* _WHAT NEEDS TO BE DONE_
Omit all pictures. Quote the lines from the one with "Spider Man Into" through the end of the listing below, exactly as they appear.

* _INFORMATION SHOWN_
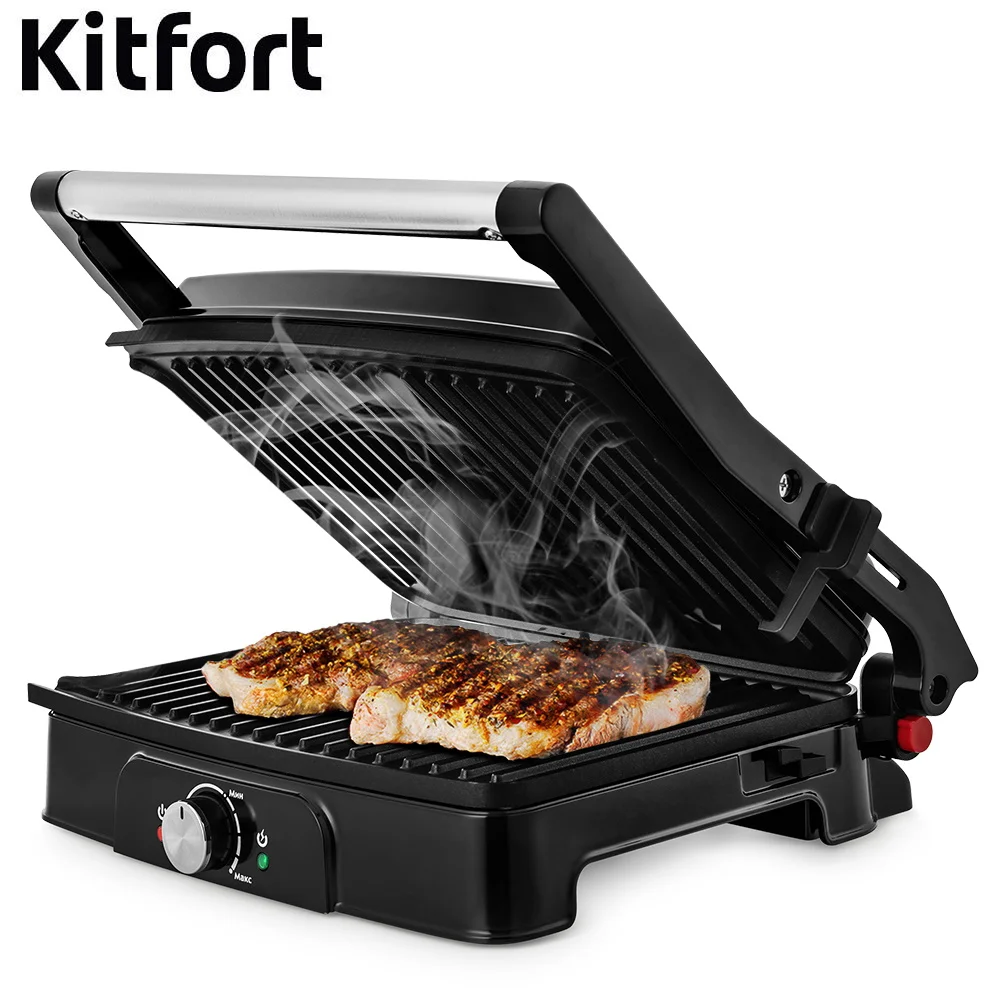 Электрогриль контактный Kitfort КТ-1655 серебристый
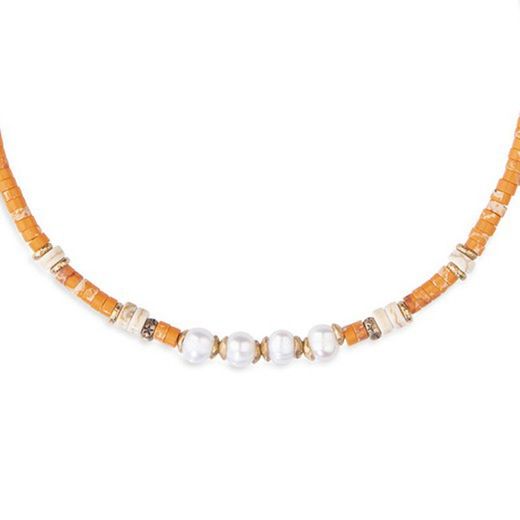 WN159O Collar PLATA DE PALO modelo CAROL de jaspe para mujer perlas resinas y bronce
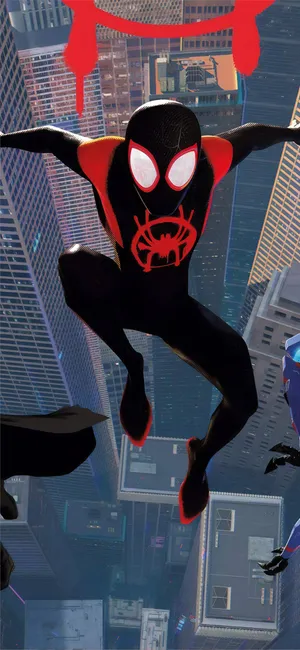 Spider Man Into The Spider Verse Illustration Miles Morales Iphone Wallpaper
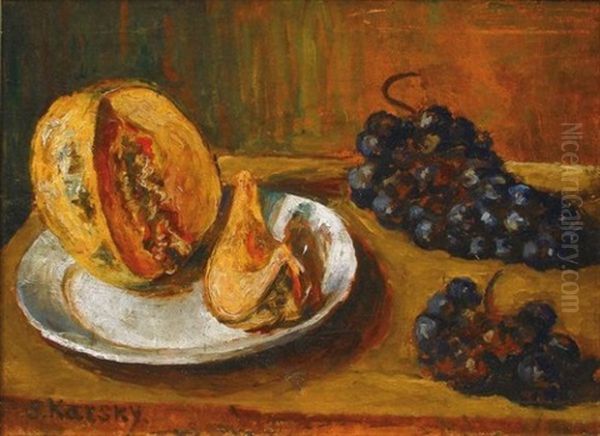 Nature Morte Au Melon Et Aux Raisins Oil Painting by Serguei Ossipovitch Karski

* _RESULT FOR THIS TASK_
 Spider Man Into The Spider Verse Illustration Miles Morales Iphone Wallpaper
 Nature Morte Au Melon Et Aux Raisins Oil Painting by Serguei Ossipovitch Karski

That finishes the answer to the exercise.